What is the mood of the Iraqi people?
Published 9:56 am Monday, September 15, 2003
Congressman Jo Bonner
One night last week, I was flipping through the network evening news broadcasts and trying to catch up on what had taken place while my colleagues and I were in committee meetings and on the floor of the House of Representatives voting on legislation.
Most of the stories being covered were pretty standard from one station to the next: the Dow and NASDAQ were up, a hurricane began to form out in the Atlantic Ocean and candidates for state and national office were attacking each other at every turn.
Something else that I noticed, however, was the amount of coverage there was on just how angry the Iraqi people seem to be that American troops and government officials are still in their country.
Reporters invariably seemed to find the one man or woman who was portrayed as representing the feelings of their entire community and put them in front of the camera to vent their frustrations to the world. "Americans have done nothing for us!" or "We don't feel safe!" or "Why can't we govern ourselves?"
The frustration was indeed high. But do all Iraqi citizens really feel as we have been led to believe?
Recently, Zogby International – a well-respected non-partisan polling organization – released the results of an intensive survey completed in August of Iraqis in four of that country's five largest cities: Basra, Mosul, Kirkuk and Ramadi.
The survey, included in a recent article published by the Wall Street Journal – a paper which has been less than enthusiastic about America's continued presence in that country – includes some very surprising results.
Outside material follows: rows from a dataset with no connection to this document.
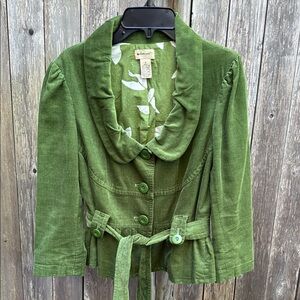 Green Corduroy 3 button Jacket in gorgeous earthy green and stylish waist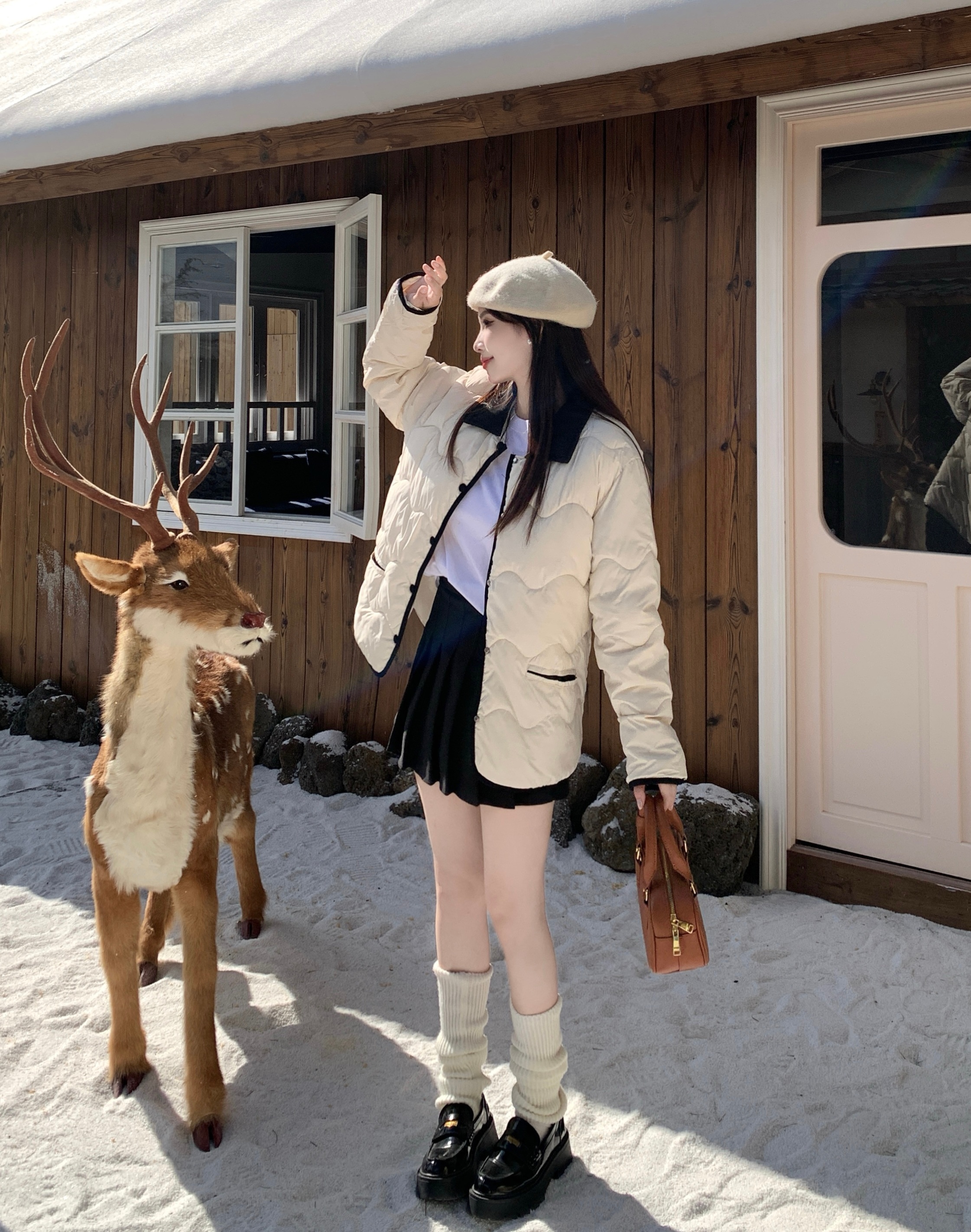 MY15604# 大码女装胖mm短款宽松夹棉外套白色棉服高级感棉袄上衣女裝...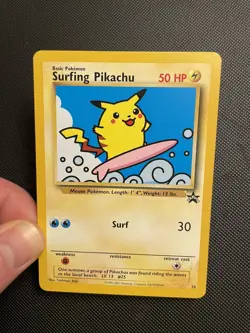 Pokemon Card - Surfing Pikachu - WoTC Black Star Promo #28 Vintage - Image 1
Here are some major points raised by the survey which bear consideration:
– When five nations including the United States were presented as possible models upon which a new Iraqi government could be based, nearly 40 percent selected the United States;
– Nearly 60 percent of those asked have an unfavorable view of Osama bin Laden, and as Zogby was quick to point out, the survey was taken before terrorists from bin Laden's al Qaeda organization killed over 100 worshipers and clerics at one of Iraq's most important sacred sites;
– Almost three-quarters of those surveyed – 74 percent – feel that the representatives of Saddam Hussein's regime should be punished;
– While less than 30 percent knew of someone who had been killed during Operation Iraqi Freedom, half of those surveyed had a friend or family member who had been executed by Hussein's government; and
– Seven out of every ten people surveyed said that their lives and their country will be better in the next five years.
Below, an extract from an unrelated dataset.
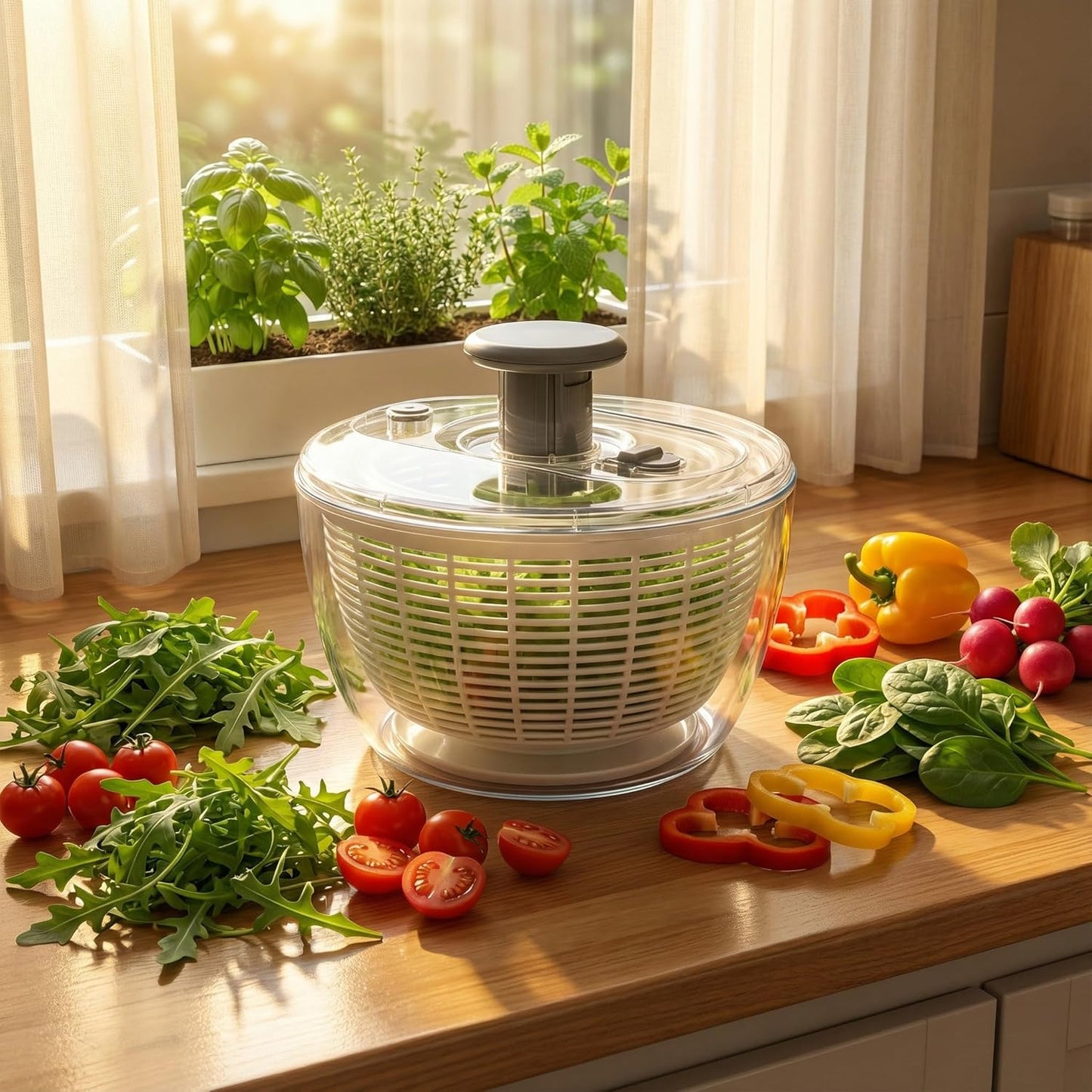 Le'raze Glass Salad Spinner with Airtight Lid - BPA-Free - Easy Pump Lettuce Spinner Washer | Fruit Washing Bowl with Strainer | Vegetable Cleaner | Large Capacity Borosilicate Glass, 6.22 Quart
Seven out of every 10. That's 70 percent who believe that, regardless of the time it's taking to get the power infrastructure up and running, schools up and running, water systems operational and a government functioning, their lives will improve.
Academy night around corner
For many years, members of Congress have been privileged to submit the names of extremely talented young men and women for consideration as nominees to one of our country's five service academies.
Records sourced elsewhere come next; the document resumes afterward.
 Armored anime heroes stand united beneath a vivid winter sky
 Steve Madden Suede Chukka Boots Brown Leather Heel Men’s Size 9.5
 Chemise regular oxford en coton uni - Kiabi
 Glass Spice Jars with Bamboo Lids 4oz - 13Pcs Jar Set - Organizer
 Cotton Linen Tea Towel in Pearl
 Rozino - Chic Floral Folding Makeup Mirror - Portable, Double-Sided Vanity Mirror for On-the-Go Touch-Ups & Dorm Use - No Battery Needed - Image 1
For those of you who may not be aware, high school students have been afforded the opportunity for quite some time to pursue professional and educational opportunities through our service academies.
These academies – the United States Military Academy at West Point, the Naval Academy at Annapolis, the Air Force Academy in Colorado Springs, the Coast Guard Academy at New London, and the Merchant Marine Academy at Kings Point – have produced some of the finest leaders in our nation's history.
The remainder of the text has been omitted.